_RECORDED DATA:_
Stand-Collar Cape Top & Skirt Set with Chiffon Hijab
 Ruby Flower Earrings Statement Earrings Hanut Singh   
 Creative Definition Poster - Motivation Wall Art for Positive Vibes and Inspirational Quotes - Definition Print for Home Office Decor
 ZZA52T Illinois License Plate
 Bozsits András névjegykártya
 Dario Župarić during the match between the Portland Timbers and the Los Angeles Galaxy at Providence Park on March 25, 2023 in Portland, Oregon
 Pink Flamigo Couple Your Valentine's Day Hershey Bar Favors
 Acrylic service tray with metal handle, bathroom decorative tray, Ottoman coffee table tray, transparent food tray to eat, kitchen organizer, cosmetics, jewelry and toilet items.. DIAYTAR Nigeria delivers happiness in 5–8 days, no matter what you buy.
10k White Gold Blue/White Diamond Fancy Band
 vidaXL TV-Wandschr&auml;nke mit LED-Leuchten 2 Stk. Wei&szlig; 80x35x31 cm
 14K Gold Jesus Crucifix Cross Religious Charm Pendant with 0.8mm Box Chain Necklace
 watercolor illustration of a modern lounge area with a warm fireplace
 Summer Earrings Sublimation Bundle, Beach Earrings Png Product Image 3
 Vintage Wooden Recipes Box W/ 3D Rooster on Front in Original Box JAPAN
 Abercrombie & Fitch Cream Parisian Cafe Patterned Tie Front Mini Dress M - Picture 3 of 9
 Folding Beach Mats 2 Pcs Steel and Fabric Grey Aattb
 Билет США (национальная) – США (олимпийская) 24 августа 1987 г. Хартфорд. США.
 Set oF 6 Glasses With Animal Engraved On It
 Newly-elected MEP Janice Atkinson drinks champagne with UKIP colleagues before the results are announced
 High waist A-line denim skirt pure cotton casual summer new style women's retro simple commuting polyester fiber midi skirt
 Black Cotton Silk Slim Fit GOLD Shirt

_AIM OF THE TASK:_ How many lines in the entries include "Front"? Only the number is wanted.

_RESPONSE TO THIS TASK:_ 2